Gregory Smith
Gregory Smith received his B.A. (1996) in classics and history from Case Western Reserve University and his A.M. (1999) and Ph.D. (2005) in history from Harvard University. In 2005-2006 he served as lecturer in the department of classics at Case Western Reserve. He joined the department of history at CMU in fall 2006.
Research and Teaching Interests
Trained as a western medievalist, a Byzantinist, and a historian of Roman and late antiquity, Professor Smith specializes in the cultural and intellectual history of the second, third, and fourth centuries AD. At the moment he is interested above all in ideas about the human soul, its physical composition, and its constitutional relationship to things like demons, air, smoke, breath, "spirit," angels, and God. When not thinking and writing about very thin things he also thinks and writes about computers, problems of authorship in late antiquity and the middle ages, and how computers might help solve the problems. He has taught a wide range of courses at Harvard, CWRU, and CMU, from ancient Greek democracy to "the Christian revolution" to all periods of medieval history.

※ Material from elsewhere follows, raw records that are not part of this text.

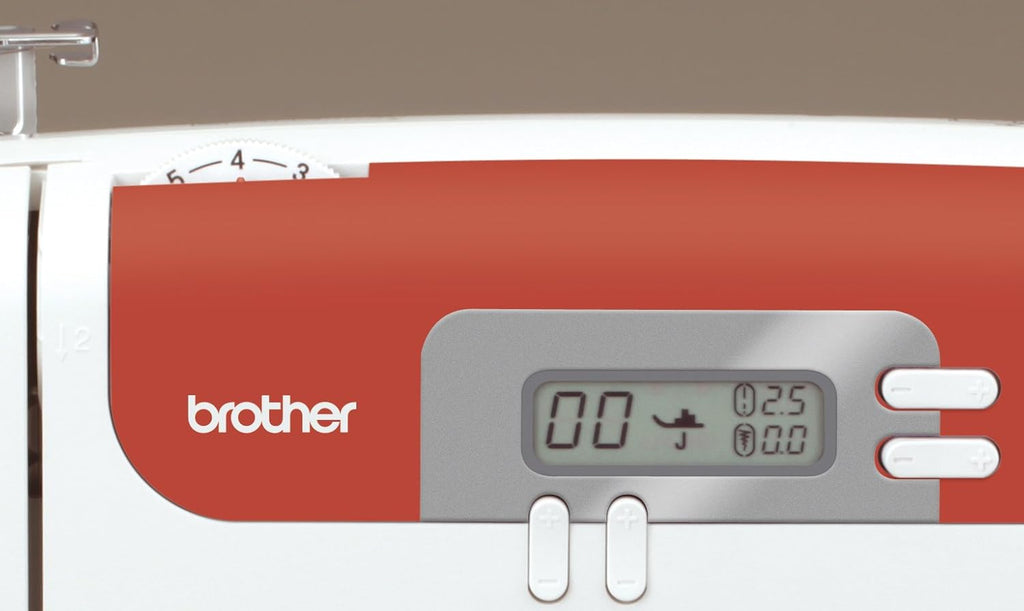 Elektronische naaimachine CS10S, wit/rood. 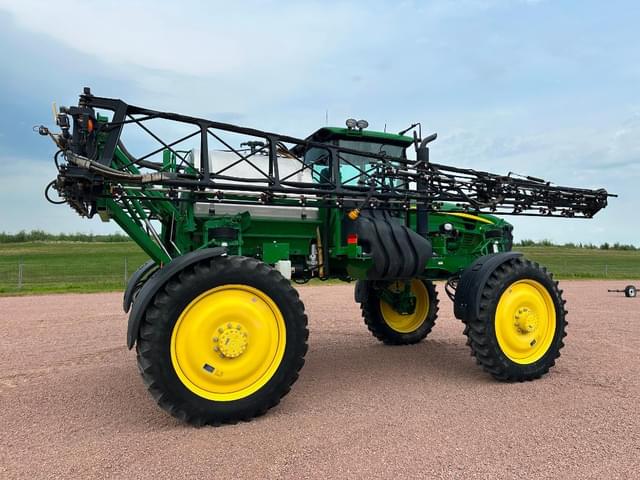 Image of John Deere 4730 equipment image 3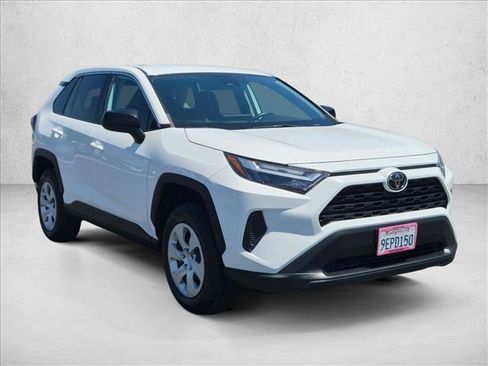 Certified 2023 Toyota RAV4 LE FWD image 3
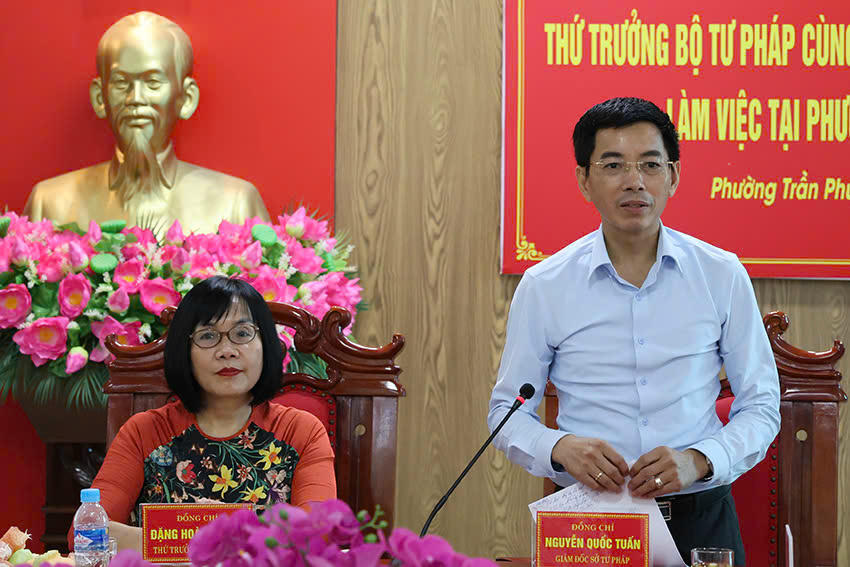 Ông Nguyễn Quốc Tuấn-Giám đốc Sở Tư pháp Hà Tĩnh phát biểu tại buổi làm việc. Ảnh: Hữu Anh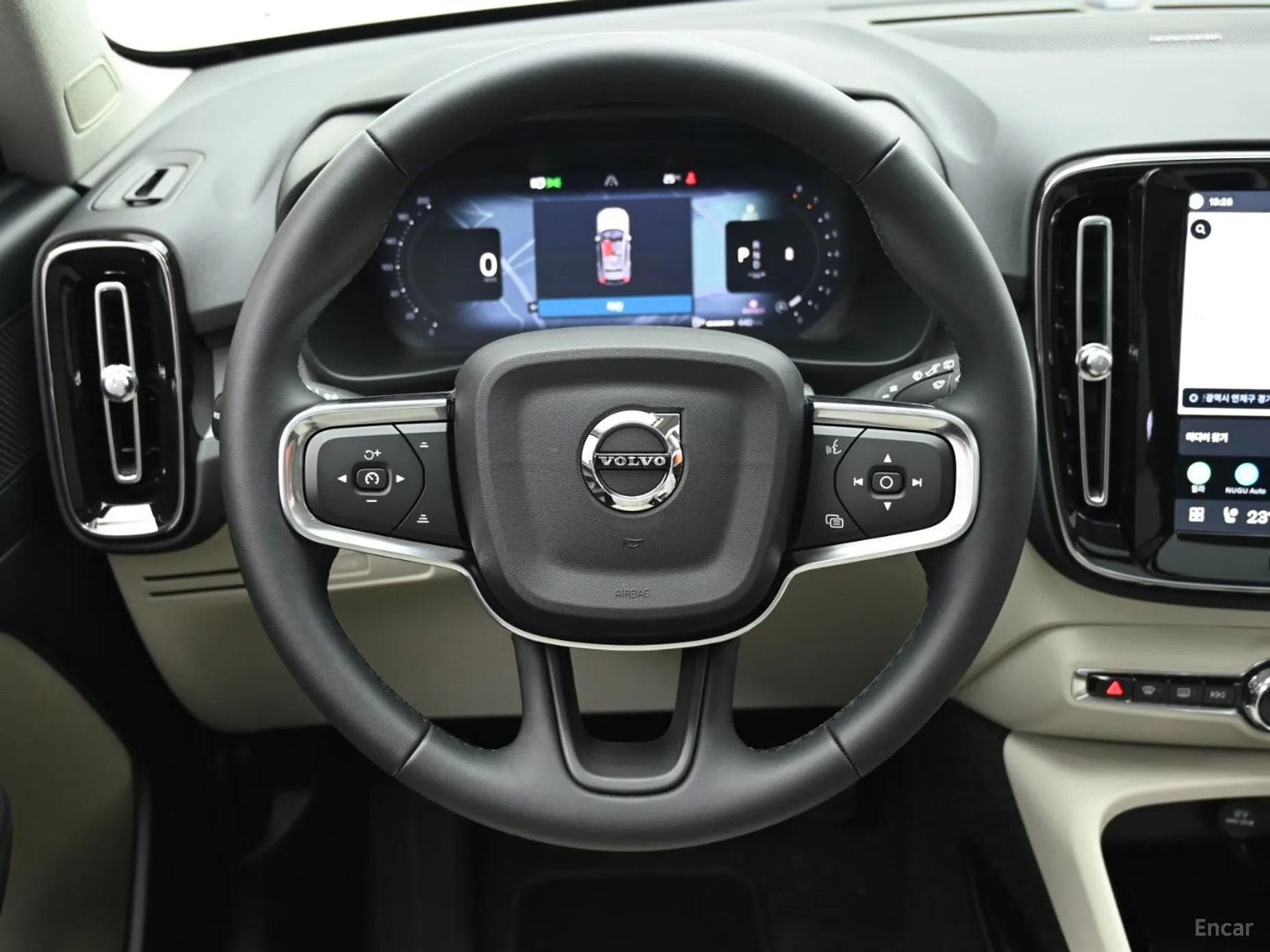 Volvo XC40 превью 13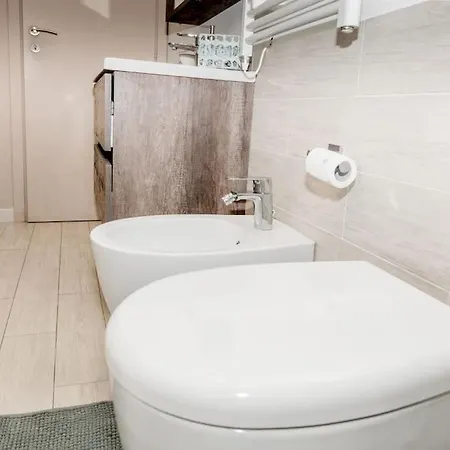 דירה Raphi's Flat In Trastevere - The Heart Of רומא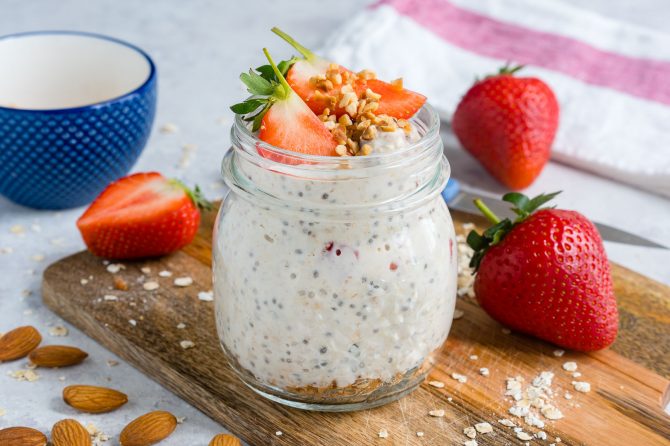 Strawberry Cheesecake Overnight Oats for Clean Eating Breakfast ...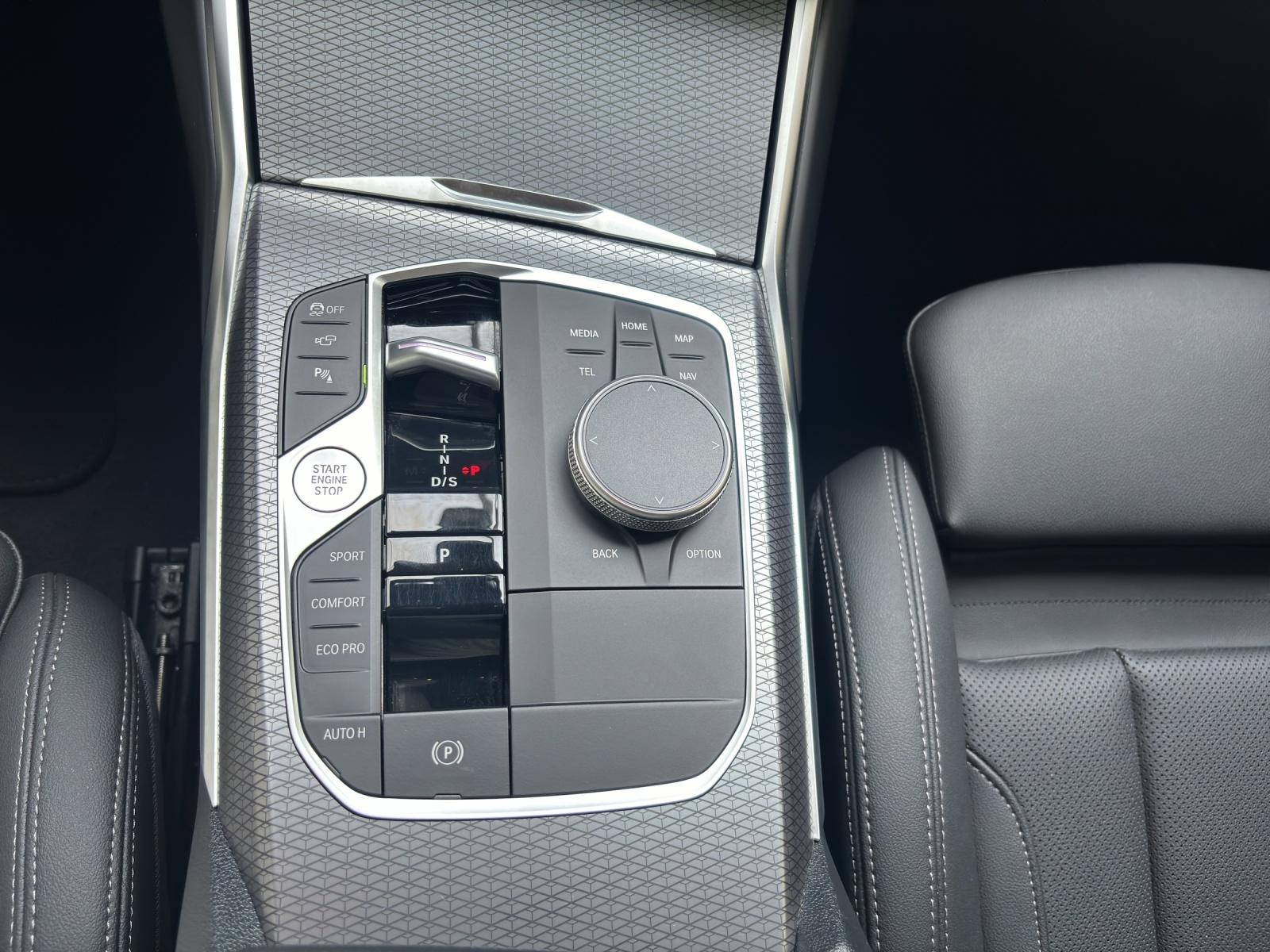 BMW M340d xDrive Touring-image-17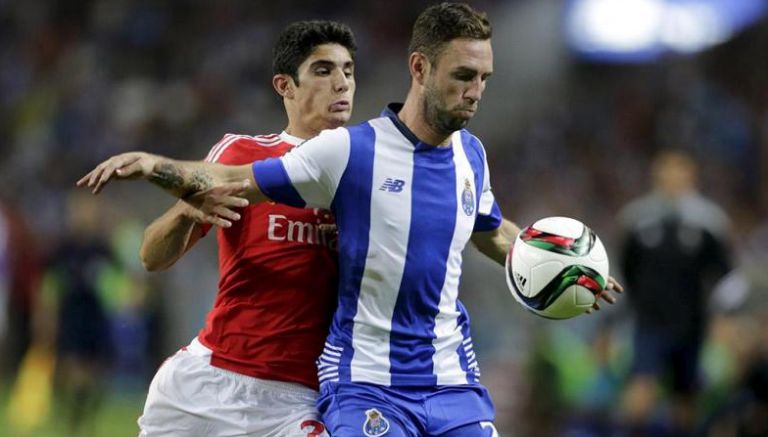 Miguel Layún en el partido contra Benfica en la Liga de Portugal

Despite his fondness for history lectures and seminars he secretly likes teaching ancient languages just as much, and sometimes more.
Recent Publications
"How thin is a demon?" Journal of Early Christian Studies 16.4 (2008), 479-512.
"The myth of the vaginal soul," Greek, Roman and Byzantine Studies 44 (2004), 199-225.
"Sine rege, sine principe: Peter the Venerable on violence in twelfth-century Burgundy," Speculum 77 (2002), 1-32.